Read Books & Download eBooks Full Online

EBookClubs

Read Books & Download eBooks Full Online

Book Afghanistan War  Third Edition

Download or read book Afghanistan War Third Edition written by Rodney Carlisle and published by Infobase Holdings, Inc. This book was released on 2022-02-01 with total page 192 pages. Available in PDF, EPUB and Kindle. Book excerpt: The September 11, 2001, terror attacks orchestrated by al-Qaeda prompted the United States to declare a "War on Terror." When the Taliban government of Afghanistan refused to extradite al-Qaeda leader Osama bin Laden, an American-led coalition went to war with Afghanistan, overthrowing the Taliban government. America eventually captured and killed bin Laden, but the battle against the Taliban dragged on, while a war-torn and ravaged Afghanistan struggled to rebuild. Finally—20 years after the 9/11 attacks—American and coalition forces withdrew from Afghanistan, and the Taliban took back control of the country. Afghanistan War, Third Edition features an account of the battles, weapons, tactics, and people involved in this conflict. Complete with full-color and black-and-white photographs and illustrations, full-color maps, and other further resources, Afghanistan War, Third Edition is suited for middle and high school students seeking unbiased information about U.S. military history.

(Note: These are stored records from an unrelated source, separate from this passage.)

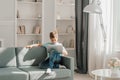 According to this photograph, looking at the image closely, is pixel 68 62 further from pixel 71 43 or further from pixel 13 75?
pixel 71 43

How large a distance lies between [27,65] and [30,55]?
20 centimetres

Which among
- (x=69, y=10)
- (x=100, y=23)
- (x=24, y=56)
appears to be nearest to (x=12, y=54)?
(x=24, y=56)

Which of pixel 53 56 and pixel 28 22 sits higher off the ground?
pixel 28 22

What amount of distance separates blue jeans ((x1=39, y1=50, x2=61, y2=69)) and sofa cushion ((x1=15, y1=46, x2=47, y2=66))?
284mm

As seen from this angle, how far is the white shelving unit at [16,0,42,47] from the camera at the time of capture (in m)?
7.25

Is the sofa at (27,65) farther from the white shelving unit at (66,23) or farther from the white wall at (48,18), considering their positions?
the white shelving unit at (66,23)

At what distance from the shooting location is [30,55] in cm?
554

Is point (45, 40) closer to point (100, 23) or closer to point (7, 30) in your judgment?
point (7, 30)

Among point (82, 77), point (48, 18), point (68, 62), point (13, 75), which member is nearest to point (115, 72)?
point (68, 62)

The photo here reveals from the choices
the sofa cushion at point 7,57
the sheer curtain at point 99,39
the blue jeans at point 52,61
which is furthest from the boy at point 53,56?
the sheer curtain at point 99,39

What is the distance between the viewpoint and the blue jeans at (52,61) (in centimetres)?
519

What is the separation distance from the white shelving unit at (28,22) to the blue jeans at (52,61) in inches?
79.9

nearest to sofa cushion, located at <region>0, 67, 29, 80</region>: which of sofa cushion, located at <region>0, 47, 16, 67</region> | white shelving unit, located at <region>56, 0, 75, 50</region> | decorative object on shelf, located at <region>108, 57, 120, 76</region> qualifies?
sofa cushion, located at <region>0, 47, 16, 67</region>

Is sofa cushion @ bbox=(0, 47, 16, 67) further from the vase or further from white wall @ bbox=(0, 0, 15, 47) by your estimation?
the vase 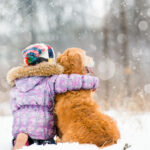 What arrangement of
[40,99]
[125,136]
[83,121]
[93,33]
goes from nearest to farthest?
[83,121], [40,99], [125,136], [93,33]

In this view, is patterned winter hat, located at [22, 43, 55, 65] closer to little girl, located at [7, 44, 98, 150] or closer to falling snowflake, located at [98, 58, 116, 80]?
little girl, located at [7, 44, 98, 150]

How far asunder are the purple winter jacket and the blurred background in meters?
3.92

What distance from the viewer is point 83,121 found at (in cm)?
214

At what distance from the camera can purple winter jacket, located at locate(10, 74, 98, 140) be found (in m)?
2.27

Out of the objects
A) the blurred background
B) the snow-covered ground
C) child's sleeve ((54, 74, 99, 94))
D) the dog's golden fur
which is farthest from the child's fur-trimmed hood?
the blurred background

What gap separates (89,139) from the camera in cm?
208

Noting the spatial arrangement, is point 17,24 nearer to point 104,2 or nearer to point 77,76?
point 104,2

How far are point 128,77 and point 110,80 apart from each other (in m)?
0.61

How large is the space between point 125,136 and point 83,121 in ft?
2.23

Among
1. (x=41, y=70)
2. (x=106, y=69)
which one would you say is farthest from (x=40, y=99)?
(x=106, y=69)

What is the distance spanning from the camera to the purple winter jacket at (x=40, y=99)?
227cm

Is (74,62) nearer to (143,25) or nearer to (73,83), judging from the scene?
(73,83)

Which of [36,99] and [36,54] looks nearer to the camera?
[36,99]

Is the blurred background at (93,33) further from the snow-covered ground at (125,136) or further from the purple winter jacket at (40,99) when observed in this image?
the purple winter jacket at (40,99) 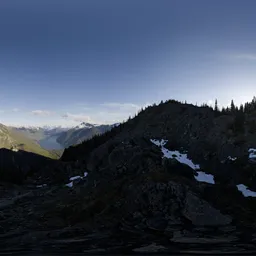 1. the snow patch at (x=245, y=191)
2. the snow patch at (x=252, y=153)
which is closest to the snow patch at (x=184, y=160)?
the snow patch at (x=245, y=191)

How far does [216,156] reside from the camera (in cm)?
9275

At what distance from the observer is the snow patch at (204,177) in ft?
257

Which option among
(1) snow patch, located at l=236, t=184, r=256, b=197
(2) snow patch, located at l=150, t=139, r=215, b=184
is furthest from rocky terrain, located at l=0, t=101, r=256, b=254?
(2) snow patch, located at l=150, t=139, r=215, b=184

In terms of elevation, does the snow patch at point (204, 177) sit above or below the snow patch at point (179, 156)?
below

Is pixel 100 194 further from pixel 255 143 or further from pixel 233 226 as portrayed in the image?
pixel 255 143

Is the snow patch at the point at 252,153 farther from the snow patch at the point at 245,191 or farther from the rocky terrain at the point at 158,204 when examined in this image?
the snow patch at the point at 245,191

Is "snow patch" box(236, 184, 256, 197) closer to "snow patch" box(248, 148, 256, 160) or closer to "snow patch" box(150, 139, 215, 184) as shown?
"snow patch" box(150, 139, 215, 184)

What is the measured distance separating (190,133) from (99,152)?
1464 inches

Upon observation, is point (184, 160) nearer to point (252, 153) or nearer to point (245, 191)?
point (252, 153)

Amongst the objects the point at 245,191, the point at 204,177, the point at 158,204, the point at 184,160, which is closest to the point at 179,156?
the point at 184,160

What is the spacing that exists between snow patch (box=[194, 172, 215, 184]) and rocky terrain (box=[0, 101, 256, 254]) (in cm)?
31

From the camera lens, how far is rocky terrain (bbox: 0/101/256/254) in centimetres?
4034

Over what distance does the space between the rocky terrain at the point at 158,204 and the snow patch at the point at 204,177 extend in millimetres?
308

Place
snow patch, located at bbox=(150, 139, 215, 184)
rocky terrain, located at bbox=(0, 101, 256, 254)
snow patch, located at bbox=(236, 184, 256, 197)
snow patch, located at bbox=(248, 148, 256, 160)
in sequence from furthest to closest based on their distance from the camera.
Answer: snow patch, located at bbox=(248, 148, 256, 160) → snow patch, located at bbox=(150, 139, 215, 184) → snow patch, located at bbox=(236, 184, 256, 197) → rocky terrain, located at bbox=(0, 101, 256, 254) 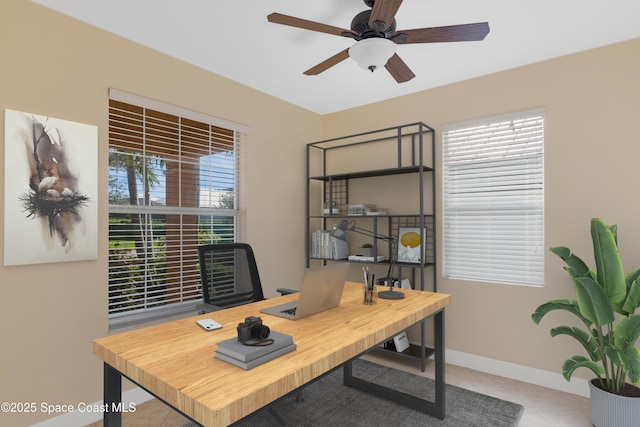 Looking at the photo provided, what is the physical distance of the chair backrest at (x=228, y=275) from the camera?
2340 mm

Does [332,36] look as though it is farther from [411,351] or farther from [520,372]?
[520,372]

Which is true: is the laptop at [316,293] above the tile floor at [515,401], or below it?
above

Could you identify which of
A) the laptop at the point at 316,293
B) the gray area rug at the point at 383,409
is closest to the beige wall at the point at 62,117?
the gray area rug at the point at 383,409

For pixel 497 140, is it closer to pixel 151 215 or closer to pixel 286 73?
pixel 286 73

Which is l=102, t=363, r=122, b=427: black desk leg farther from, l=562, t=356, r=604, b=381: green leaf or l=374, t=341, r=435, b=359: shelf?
l=562, t=356, r=604, b=381: green leaf

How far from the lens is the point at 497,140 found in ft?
10.1

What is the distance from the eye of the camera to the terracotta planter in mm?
2068

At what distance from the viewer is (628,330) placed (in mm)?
2033

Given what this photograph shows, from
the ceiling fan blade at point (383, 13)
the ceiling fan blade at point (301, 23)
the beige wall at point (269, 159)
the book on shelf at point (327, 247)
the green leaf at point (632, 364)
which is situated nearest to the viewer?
the ceiling fan blade at point (383, 13)

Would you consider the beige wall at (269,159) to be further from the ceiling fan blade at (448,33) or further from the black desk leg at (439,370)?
the ceiling fan blade at (448,33)

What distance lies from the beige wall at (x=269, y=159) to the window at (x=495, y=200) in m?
0.10

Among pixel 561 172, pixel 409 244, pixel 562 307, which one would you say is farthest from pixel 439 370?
pixel 561 172

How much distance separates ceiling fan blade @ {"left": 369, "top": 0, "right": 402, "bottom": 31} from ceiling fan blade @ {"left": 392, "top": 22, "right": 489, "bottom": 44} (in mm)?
123

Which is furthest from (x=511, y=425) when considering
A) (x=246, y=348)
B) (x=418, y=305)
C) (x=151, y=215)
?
(x=151, y=215) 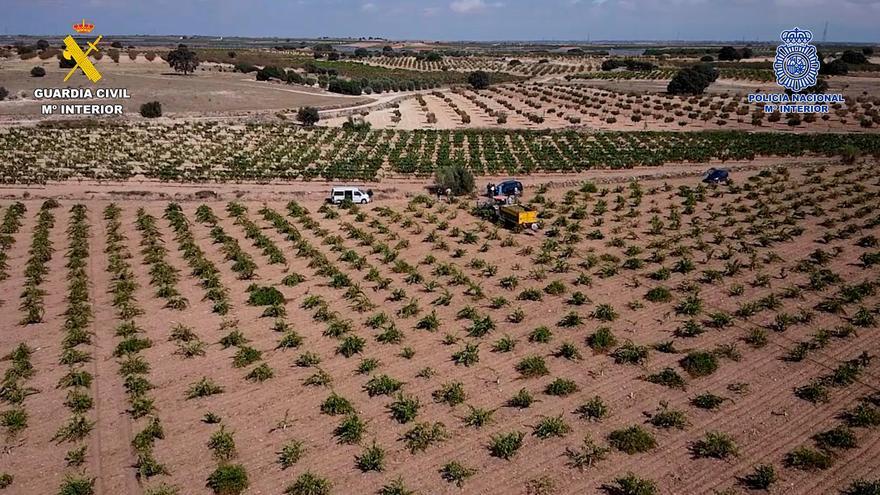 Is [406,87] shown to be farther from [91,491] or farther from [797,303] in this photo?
[91,491]

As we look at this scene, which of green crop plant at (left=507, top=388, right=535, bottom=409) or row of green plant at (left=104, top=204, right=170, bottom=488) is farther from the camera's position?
green crop plant at (left=507, top=388, right=535, bottom=409)

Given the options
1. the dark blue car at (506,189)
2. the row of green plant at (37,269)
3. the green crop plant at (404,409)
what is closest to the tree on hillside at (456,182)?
the dark blue car at (506,189)

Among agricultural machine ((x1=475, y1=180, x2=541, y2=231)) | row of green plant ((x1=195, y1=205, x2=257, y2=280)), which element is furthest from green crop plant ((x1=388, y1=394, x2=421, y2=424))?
agricultural machine ((x1=475, y1=180, x2=541, y2=231))

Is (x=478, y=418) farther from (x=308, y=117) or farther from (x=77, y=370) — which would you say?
(x=308, y=117)

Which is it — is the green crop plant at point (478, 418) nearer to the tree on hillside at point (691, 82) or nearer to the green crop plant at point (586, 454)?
the green crop plant at point (586, 454)

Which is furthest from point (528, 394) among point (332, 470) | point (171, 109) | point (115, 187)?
point (171, 109)

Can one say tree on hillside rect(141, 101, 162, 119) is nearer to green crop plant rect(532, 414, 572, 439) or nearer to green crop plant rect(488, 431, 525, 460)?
green crop plant rect(488, 431, 525, 460) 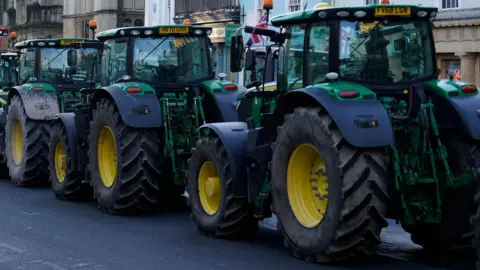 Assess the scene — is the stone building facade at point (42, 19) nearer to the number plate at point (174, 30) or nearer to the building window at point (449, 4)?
the building window at point (449, 4)

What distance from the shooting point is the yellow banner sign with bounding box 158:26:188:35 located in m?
15.7

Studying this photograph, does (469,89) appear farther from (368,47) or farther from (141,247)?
(141,247)

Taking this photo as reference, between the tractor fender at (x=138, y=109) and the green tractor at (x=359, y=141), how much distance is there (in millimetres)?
2679

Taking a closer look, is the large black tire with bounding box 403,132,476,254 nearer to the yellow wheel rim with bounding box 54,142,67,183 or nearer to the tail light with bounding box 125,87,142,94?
the tail light with bounding box 125,87,142,94

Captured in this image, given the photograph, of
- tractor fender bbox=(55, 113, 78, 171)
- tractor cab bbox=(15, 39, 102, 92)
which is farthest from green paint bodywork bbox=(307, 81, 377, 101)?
tractor cab bbox=(15, 39, 102, 92)

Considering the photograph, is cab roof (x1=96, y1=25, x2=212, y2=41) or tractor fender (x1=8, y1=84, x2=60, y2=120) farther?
tractor fender (x1=8, y1=84, x2=60, y2=120)

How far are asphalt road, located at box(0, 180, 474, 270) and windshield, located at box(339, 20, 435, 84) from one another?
Answer: 73.7 inches

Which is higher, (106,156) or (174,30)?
(174,30)

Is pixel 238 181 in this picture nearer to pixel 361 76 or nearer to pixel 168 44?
pixel 361 76

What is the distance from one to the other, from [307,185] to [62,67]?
10.2 metres

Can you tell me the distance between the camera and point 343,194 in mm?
10195

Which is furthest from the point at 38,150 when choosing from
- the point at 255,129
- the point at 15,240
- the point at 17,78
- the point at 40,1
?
the point at 40,1

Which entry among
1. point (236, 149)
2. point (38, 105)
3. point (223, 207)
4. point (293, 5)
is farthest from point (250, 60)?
point (293, 5)

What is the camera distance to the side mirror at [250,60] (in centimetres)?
1247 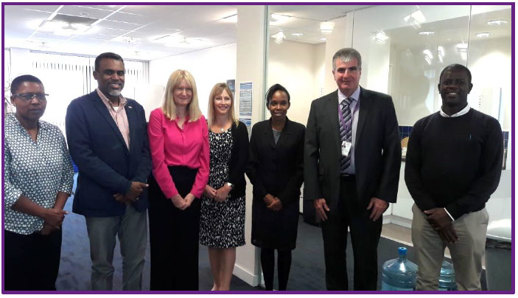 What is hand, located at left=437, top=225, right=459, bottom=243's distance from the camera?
1.91m

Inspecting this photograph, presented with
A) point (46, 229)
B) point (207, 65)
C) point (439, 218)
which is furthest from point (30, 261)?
point (207, 65)

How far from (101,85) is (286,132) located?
110cm

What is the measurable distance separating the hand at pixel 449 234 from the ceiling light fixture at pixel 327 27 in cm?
217

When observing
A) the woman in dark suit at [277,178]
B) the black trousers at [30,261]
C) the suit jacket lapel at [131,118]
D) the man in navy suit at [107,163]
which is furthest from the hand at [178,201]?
the black trousers at [30,261]

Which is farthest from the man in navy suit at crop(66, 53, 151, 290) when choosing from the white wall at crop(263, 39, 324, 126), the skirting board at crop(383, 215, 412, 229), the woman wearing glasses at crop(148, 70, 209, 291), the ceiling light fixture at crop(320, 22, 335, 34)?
the ceiling light fixture at crop(320, 22, 335, 34)

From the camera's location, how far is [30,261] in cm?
197

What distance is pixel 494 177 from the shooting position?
6.08ft

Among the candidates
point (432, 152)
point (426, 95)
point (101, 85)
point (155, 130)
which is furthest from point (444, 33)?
point (101, 85)

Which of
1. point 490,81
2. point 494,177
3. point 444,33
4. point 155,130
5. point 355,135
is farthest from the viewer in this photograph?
point 444,33

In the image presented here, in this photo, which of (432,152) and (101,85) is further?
(101,85)

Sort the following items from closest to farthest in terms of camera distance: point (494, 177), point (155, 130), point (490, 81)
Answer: point (494, 177) < point (155, 130) < point (490, 81)

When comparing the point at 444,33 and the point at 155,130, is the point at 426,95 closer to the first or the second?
the point at 444,33

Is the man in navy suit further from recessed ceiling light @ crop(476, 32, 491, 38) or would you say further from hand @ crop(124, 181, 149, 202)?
recessed ceiling light @ crop(476, 32, 491, 38)

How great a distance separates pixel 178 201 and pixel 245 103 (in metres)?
1.04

Book History of the War in Afghanistan  Vol  3  of 3  Third Edition

Download or read book History of the War in Afghanistan Vol 3 of 3 Third Edition written by John William Kaye (Sir) and published by . This book was released on 2015 with total page 0 pages. Available in PDF, EPUB and Kindle. Book excerpt:

Book History of the War in Afghanistan  Vol  2  of 3  Third Edition

Download or read book History of the War in Afghanistan Vol 2 of 3 Third Edition written by John William Kaye (Sir) and published by . This book was released on 2015 with total page 0 pages. Available in PDF, EPUB and Kindle. Book excerpt:

Book History of the War in Afghanistan  Vol  1  of 3  Third Edition

Download or read book History of the War in Afghanistan Vol 1 of 3 Third Edition written by John William Kaye (Sir) and published by . This book was released on 2015 with total page 0 pages. Available in PDF, EPUB and Kindle. Book excerpt:

Book The Anglo Afghan Wars 1839   1919

Download or read book The Anglo Afghan Wars 1839 1919 written by Gregory Fremont-Barnes and published by Bloomsbury Publishing. This book was released on 2014-06-06 with total page 144 pages. Available in PDF, EPUB and Kindle. Book excerpt: During the 19th century Britain entered into three brutal wars with Afghanistan, each one saw the British trying and failing to gain control of a warlike and impenetrable territory. The first two wars (1839–42 and 1878–81) were wars of the Great Game; the British Empire's attempts to combat growing Russian influence near India's borders. The third, fought in 1919, was an Afghan-declared holy war against British India – in which over 100,000 Afghans answered the call, and raised a force that would prove too great for the British Imperial army. Each of the three wars were plagued by military disasters, lengthy sieges and costly engagements for the British, and history has proved the Afghans a formidable foe and their country unconquerable. This book reveals the history of these three Anglo-Afghan wars, the imperial power struggles that led to conflict and the torturous experiences of the men on the ground. The book concludes with a brief overview of the background to today's conflict in Afghanistan, and sketches the historical parallels.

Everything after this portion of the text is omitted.